Short descriptive text snippets
........

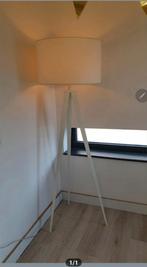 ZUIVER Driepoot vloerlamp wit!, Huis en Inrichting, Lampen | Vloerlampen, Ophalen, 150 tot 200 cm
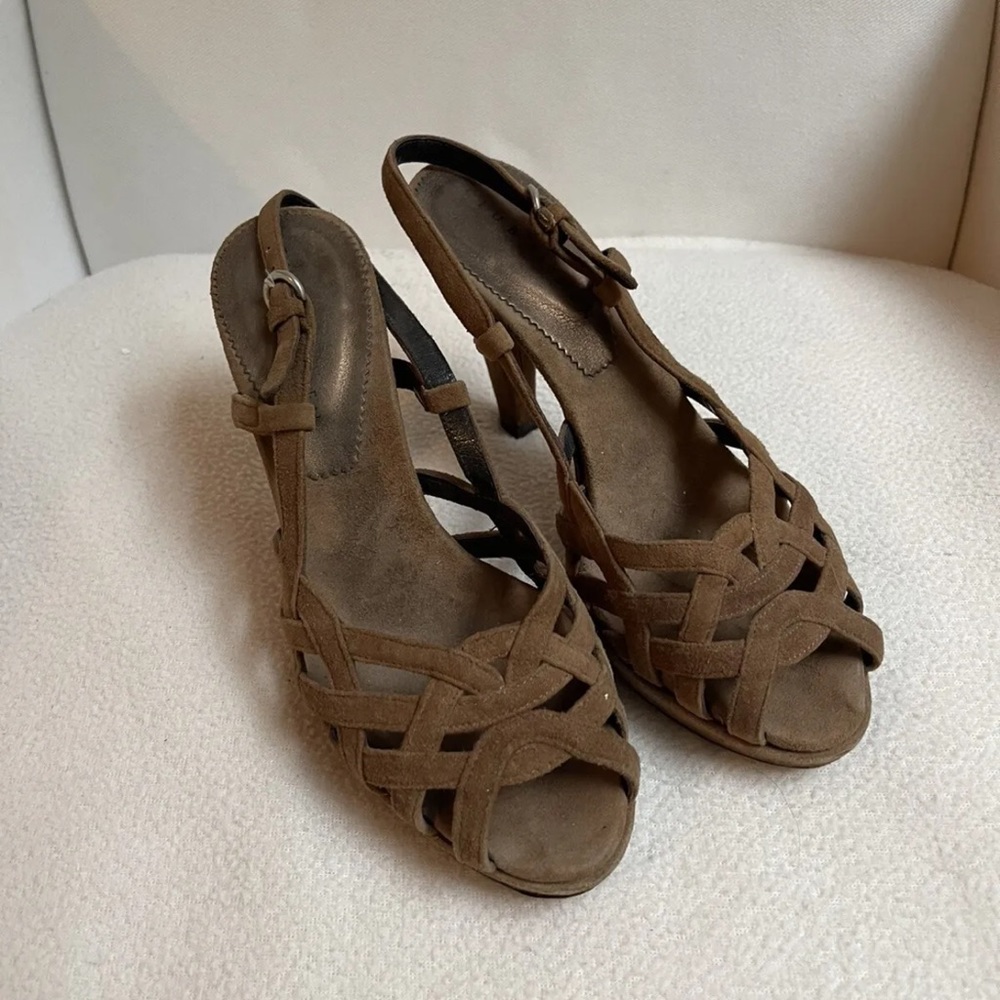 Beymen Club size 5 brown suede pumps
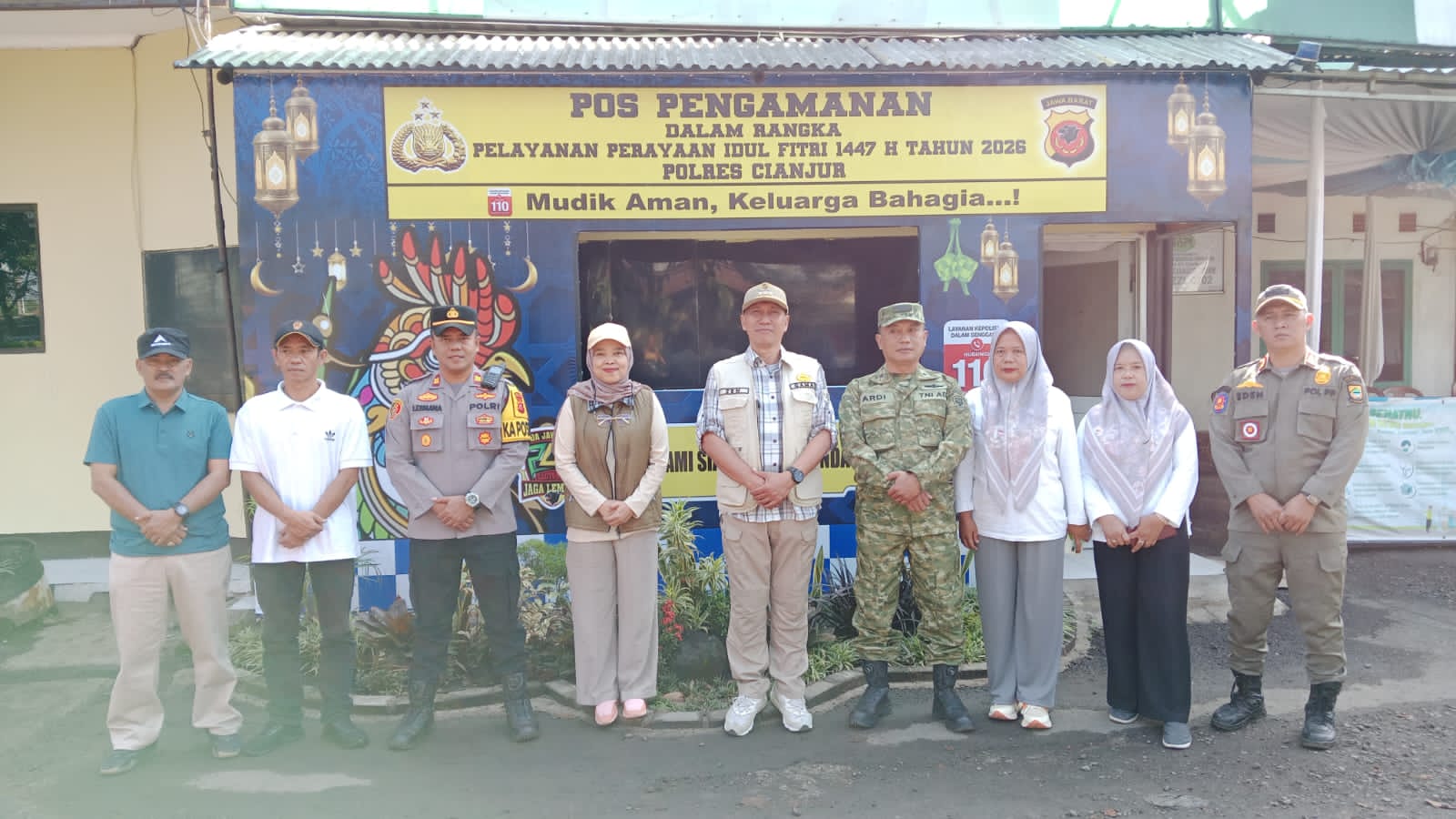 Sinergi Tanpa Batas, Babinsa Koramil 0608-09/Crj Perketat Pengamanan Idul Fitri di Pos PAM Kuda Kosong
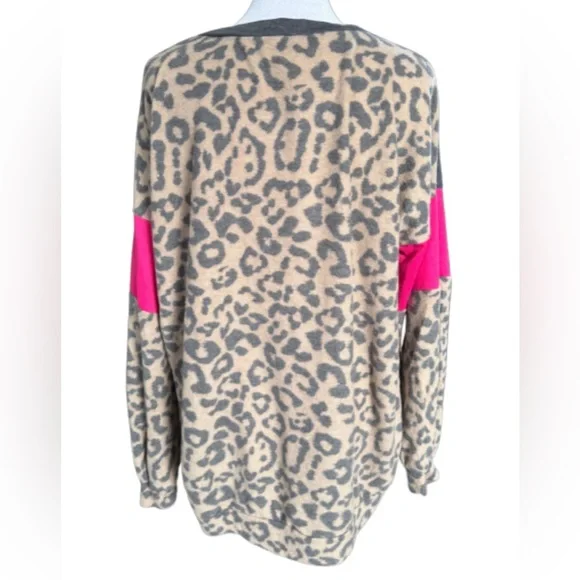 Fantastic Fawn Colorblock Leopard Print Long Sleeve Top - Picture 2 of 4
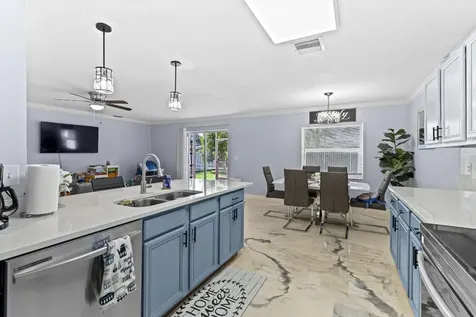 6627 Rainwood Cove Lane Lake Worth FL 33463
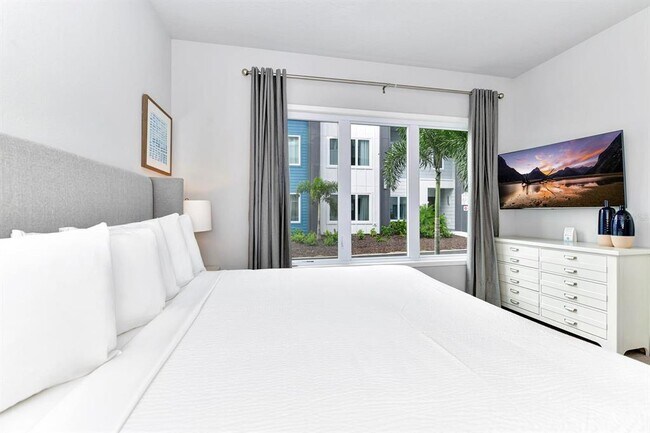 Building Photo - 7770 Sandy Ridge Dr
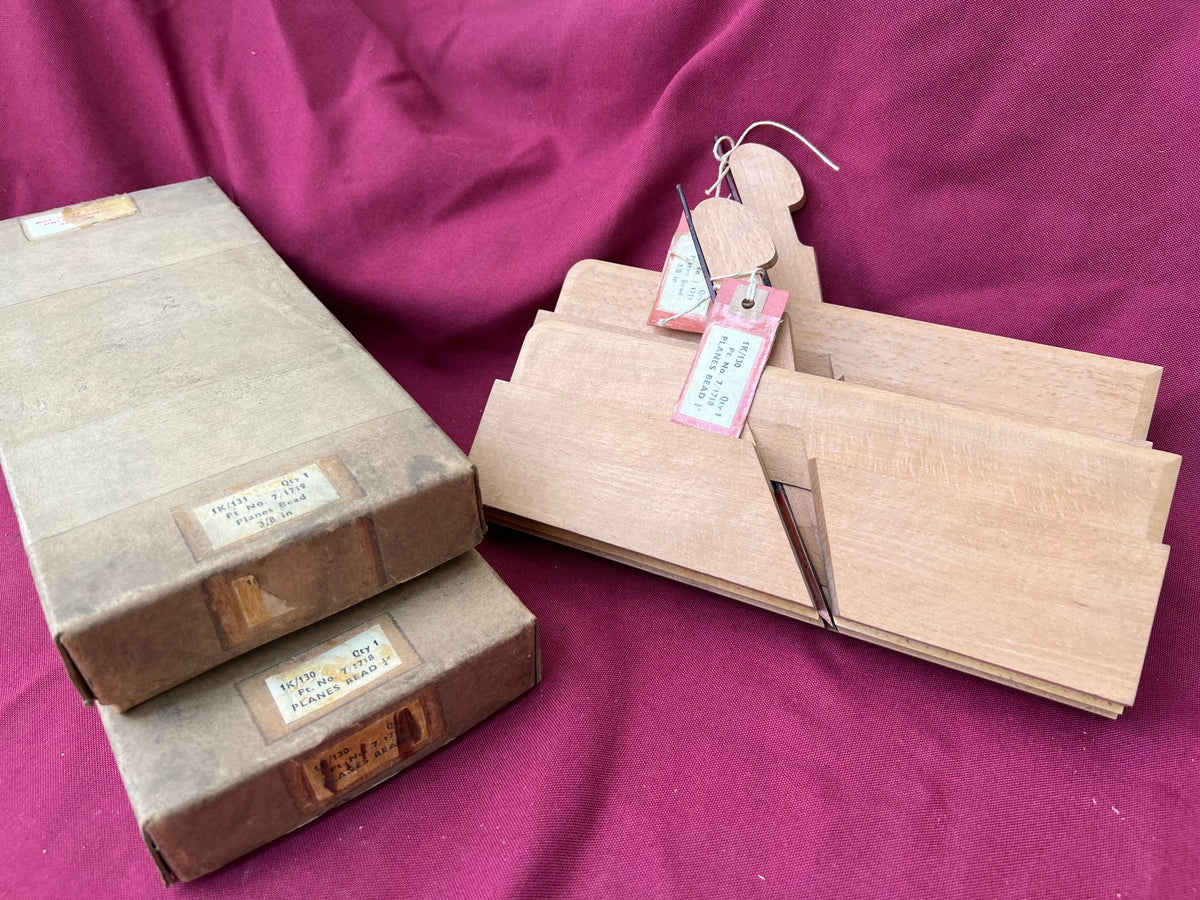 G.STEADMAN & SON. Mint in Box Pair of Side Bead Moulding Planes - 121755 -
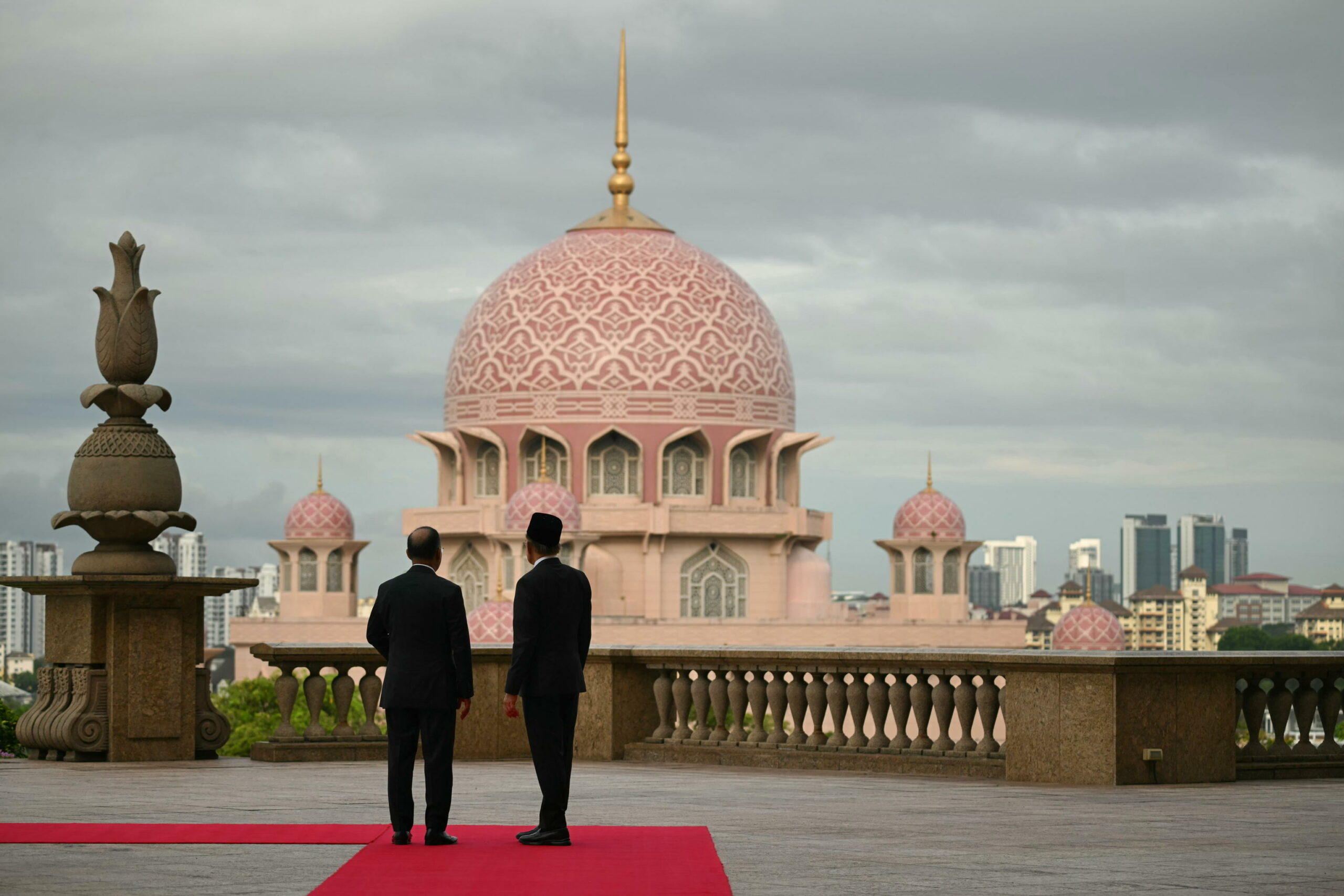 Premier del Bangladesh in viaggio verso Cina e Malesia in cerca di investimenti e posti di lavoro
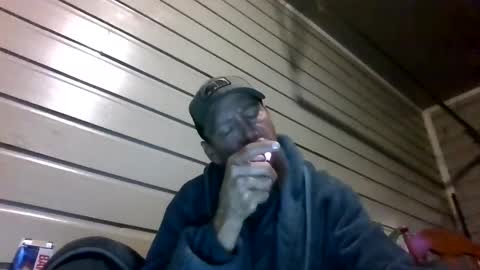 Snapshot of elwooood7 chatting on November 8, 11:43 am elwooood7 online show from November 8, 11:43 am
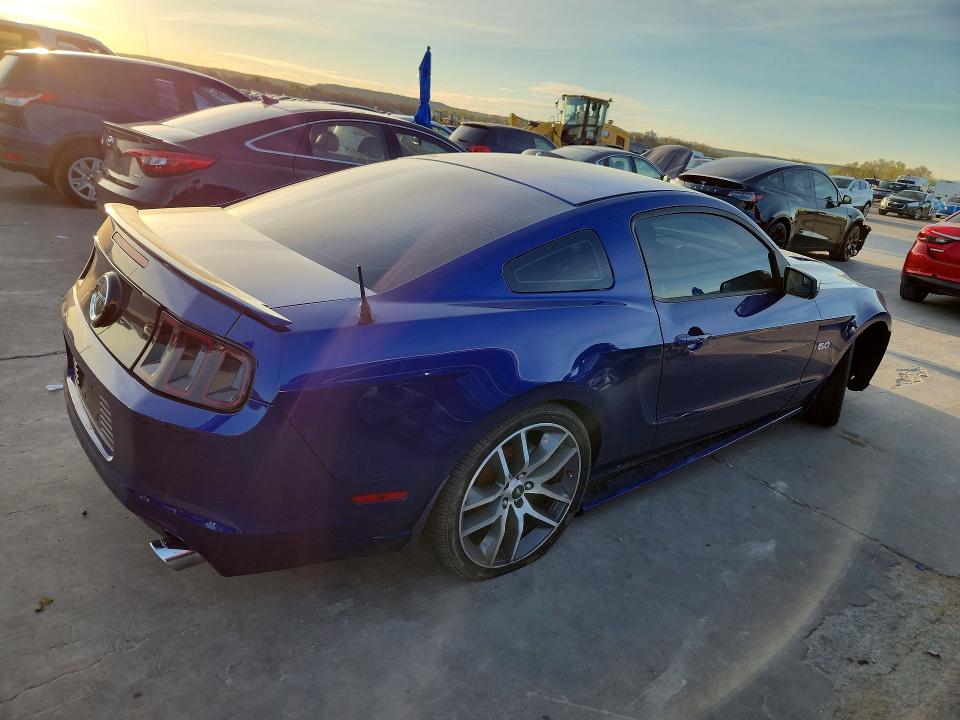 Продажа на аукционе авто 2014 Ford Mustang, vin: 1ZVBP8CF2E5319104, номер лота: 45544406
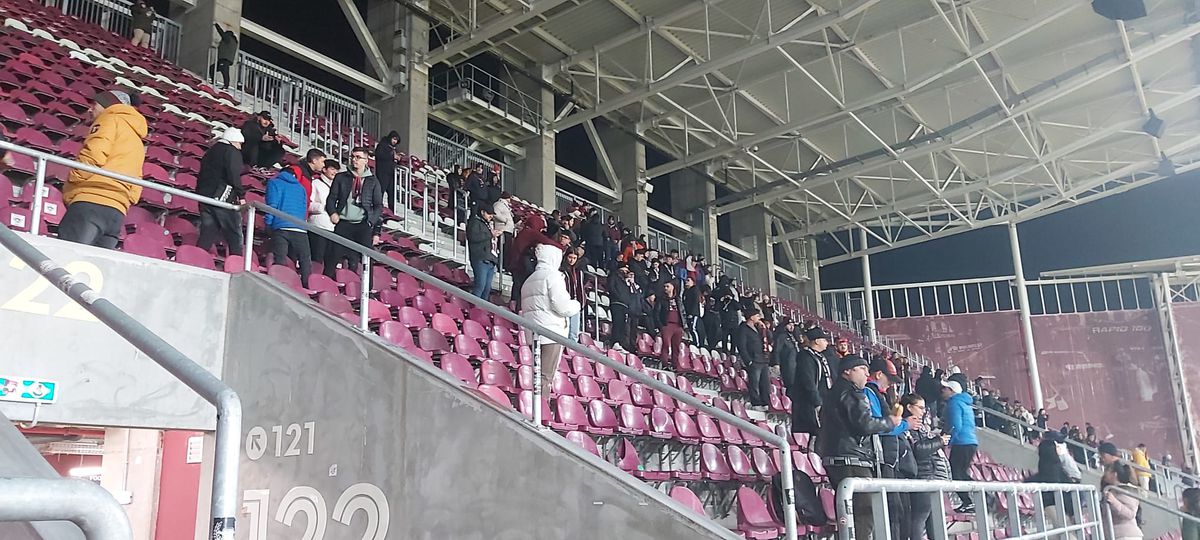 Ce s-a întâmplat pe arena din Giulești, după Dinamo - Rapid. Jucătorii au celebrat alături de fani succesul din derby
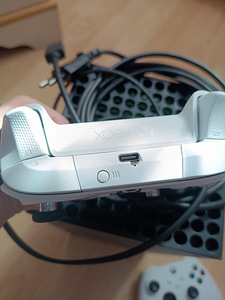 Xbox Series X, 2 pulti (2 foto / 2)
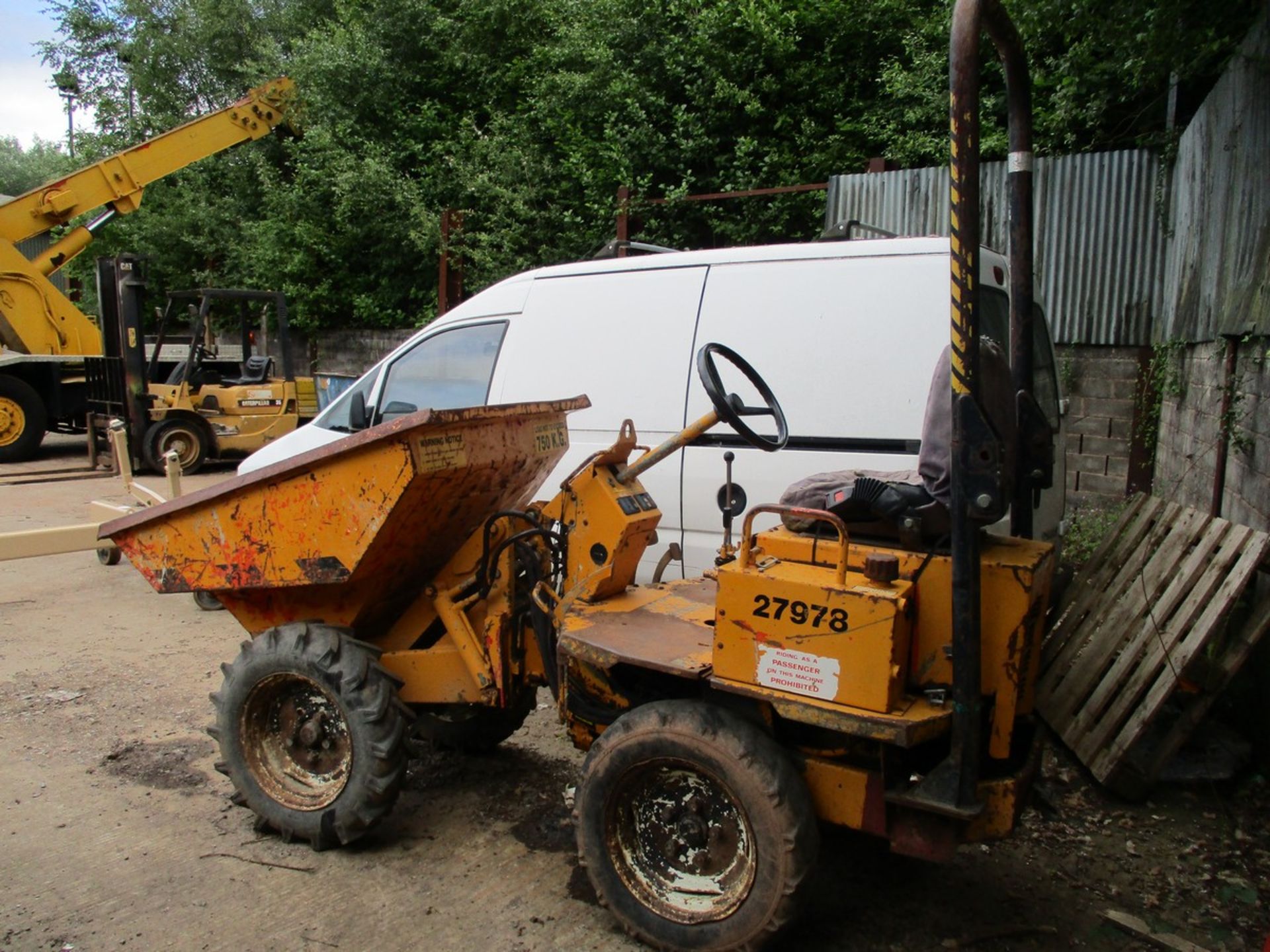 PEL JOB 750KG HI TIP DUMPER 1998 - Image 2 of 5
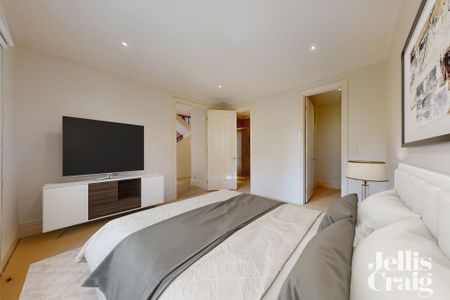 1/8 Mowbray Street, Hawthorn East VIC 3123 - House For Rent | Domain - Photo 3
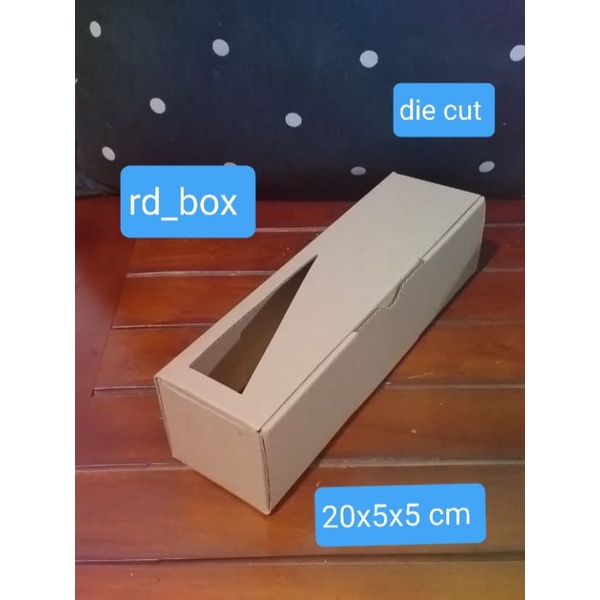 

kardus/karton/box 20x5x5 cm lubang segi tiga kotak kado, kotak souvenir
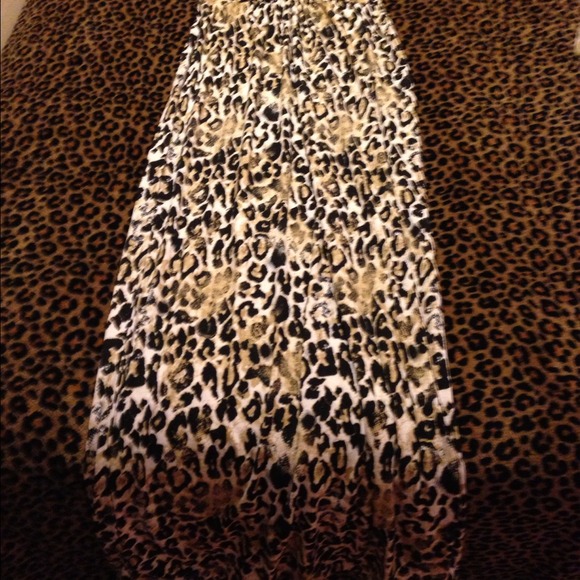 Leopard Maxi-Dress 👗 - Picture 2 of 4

........

YOUR TASK
A faithful copy of every record is required, with no pictures included.

REPLY
 ZUIVER Driepoot vloerlamp wit!, Huis en Inrichting, Lampen | Vloerlampen, Ophalen, 150 tot 200 cm
 Beymen Club size 5 brown suede pumps
 Sinergi Tanpa Batas, Babinsa Koramil 0608-09/Crj Perketat Pengamanan Idul Fitri di Pos PAM Kuda Kosong
 Fantastic Fawn Colorblock Leopard Print Long Sleeve Top - Picture 2 of 4
 6627 Rainwood Cove Lane Lake Worth FL 33463
 Building Photo - 7770 Sandy Ridge Dr
 G.STEADMAN & SON. Mint in Box Pair of Side Bead Moulding Planes - 121755 -
 Premier del Bangladesh in viaggio verso Cina e Malesia in cerca di investimenti e posti di lavoro
 Snapshot of elwooood7 chatting on November 8, 11:43 am elwooood7 online show from November 8, 11:43 am
 Продажа на аукционе авто 2014 Ford Mustang, vin: 1ZVBP8CF2E5319104, номер лота: 45544406
 Ce s-a întâmplat pe arena din Giulești, după Dinamo - Rapid. Jucătorii au celebrat alături de fani succesul din derby
 Xbox Series X, 2 pulti (2 foto / 2)
 PEL JOB 750KG HI TIP DUMPER 1998 - Image 2 of 5
 1/8 Mowbray Street, Hawthorn East VIC 3123 - House For Rent | Domain - Photo 3

kardus/karton/box 20x5x5 cm lubang segi tiga kotak kado, kotak souvenir
 Leopard Maxi-Dress 👗 - Picture 2 of 4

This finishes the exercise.